WORK INSTRUCTIONS →
In the entries below, find the line with "Left front steering", then set it down exactly along with each line after it to the end, skipping any pictures.

PROVIDED INFORMATION →
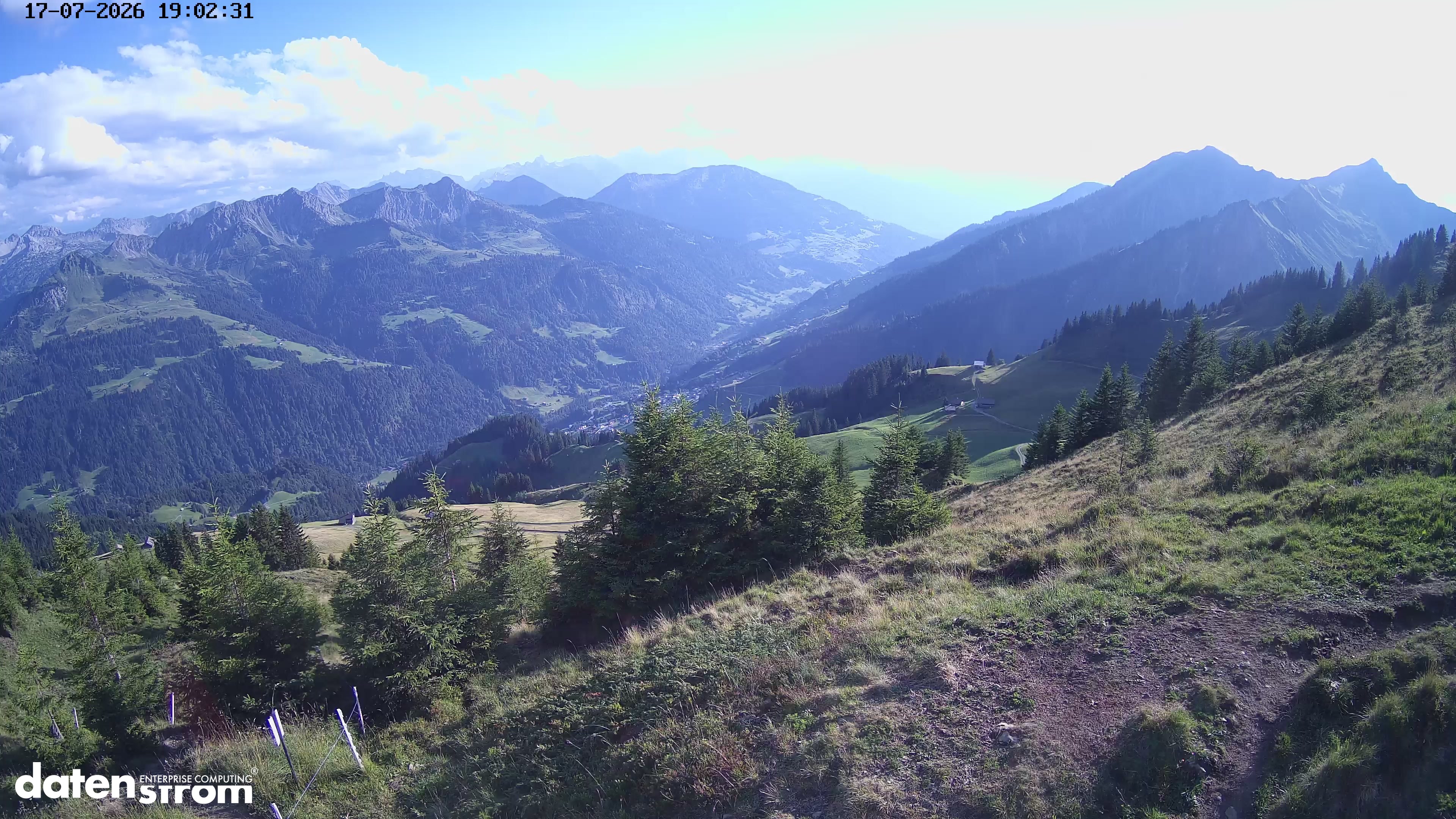 Großes Walsertal – Raggal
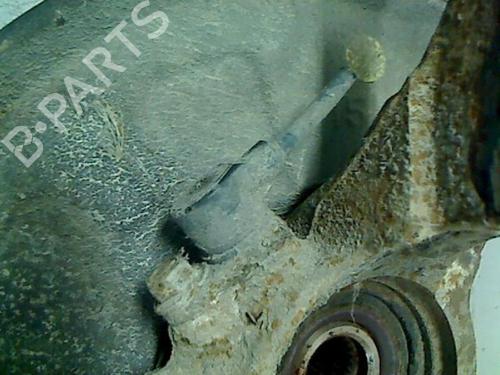 Left front steering knuckle VOLVO S40 I (644) 1.9 DI | BP21204312M25 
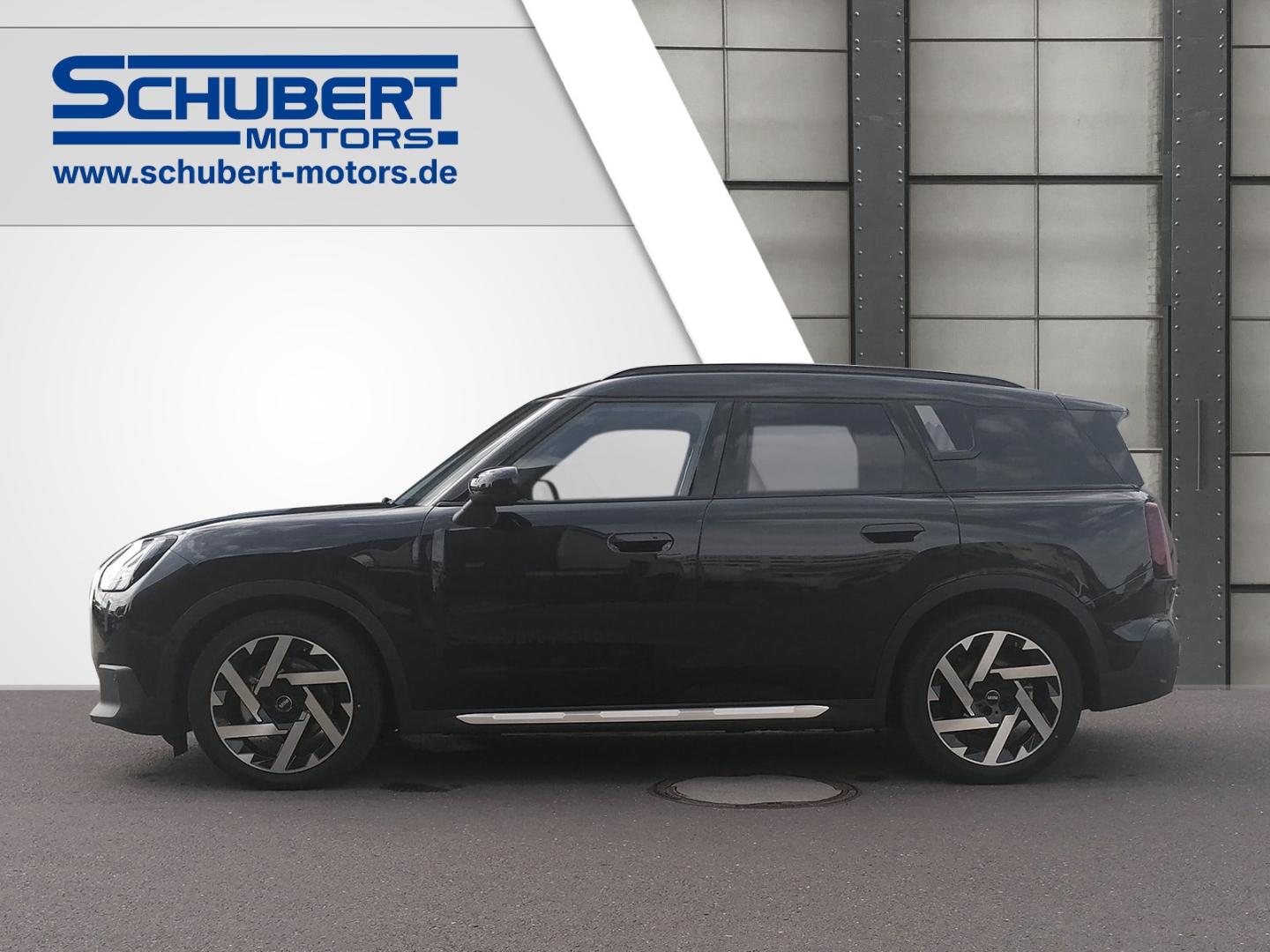 MINI Countryman E Fav. Trim HUD Pano ACC H&K Paket L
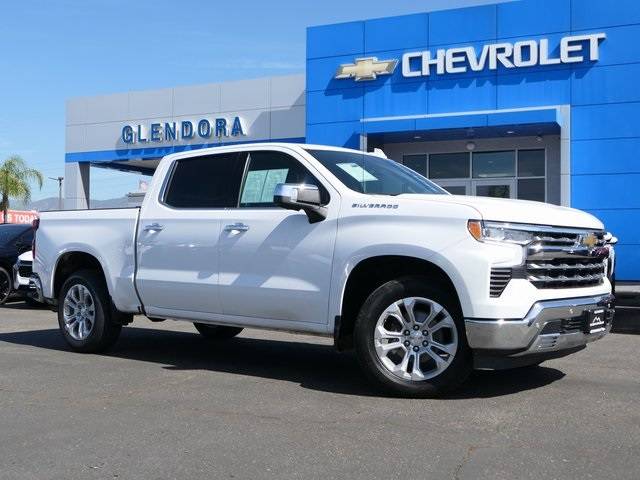 2023 Chevrolet Silverado 1500 LTZ — Pickup Truck — 70,320 mi — Glendora, CA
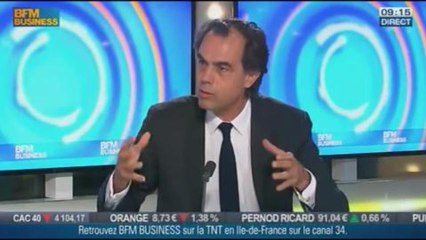 Nicolas Doze : Les experts - 13/09 1/2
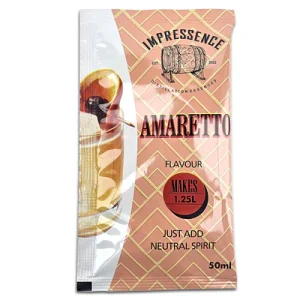 IMPRESSENCE - AMARETTO LIQUEUR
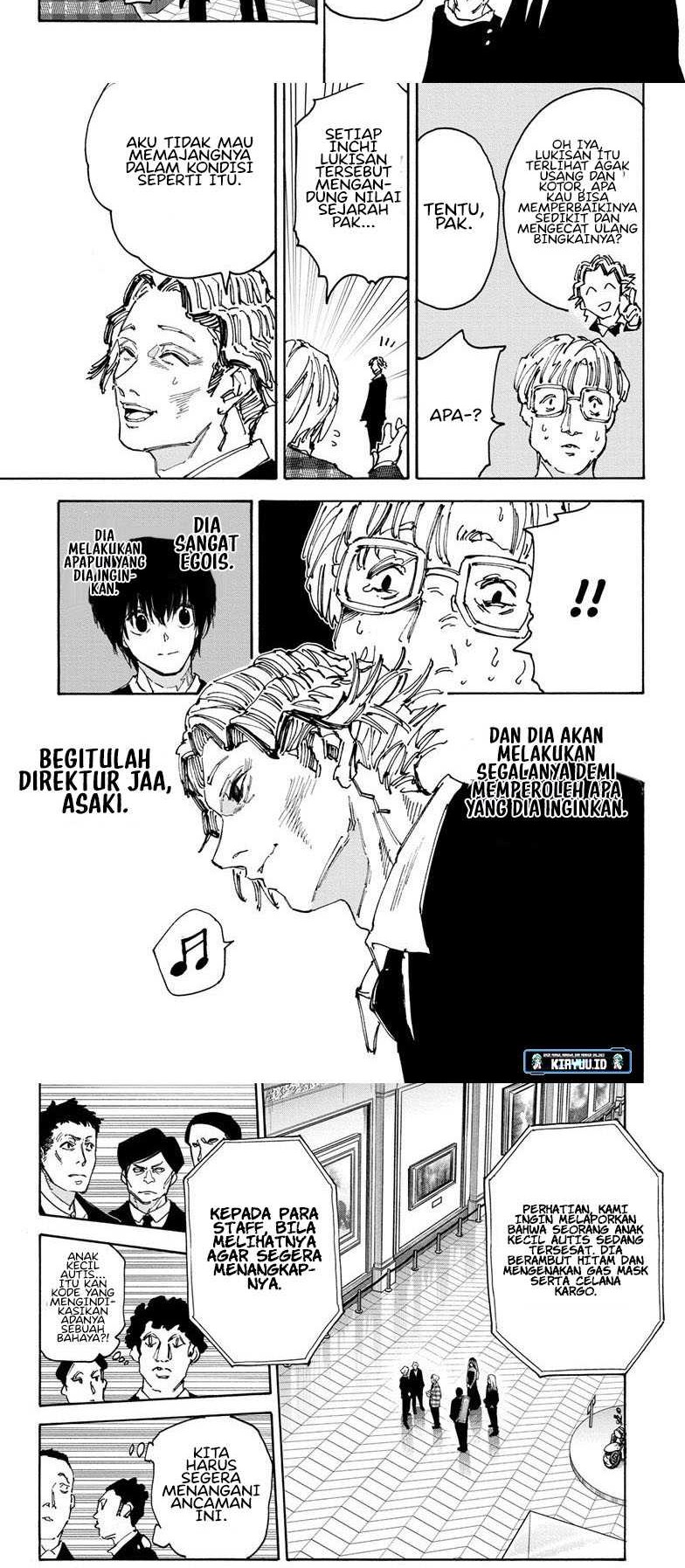 Sakamoto Days Chapter 143 Gambar 7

SOLUTION TO THIS EXERCISE →
 Left front steering knuckle VOLVO S40 I (644) 1.9 DI | BP21204312M25 
 MINI Countryman E Fav. Trim HUD Pano ACC H&K Paket L
 2023 Chevrolet Silverado 1500 LTZ — Pickup Truck — 70,320 mi — Glendora, CA
 Nicolas Doze : Les experts - 13/09 1/2
 IMPRESSENCE - AMARETTO LIQUEUR
 Sakamoto Days Chapter 143 Gambar 7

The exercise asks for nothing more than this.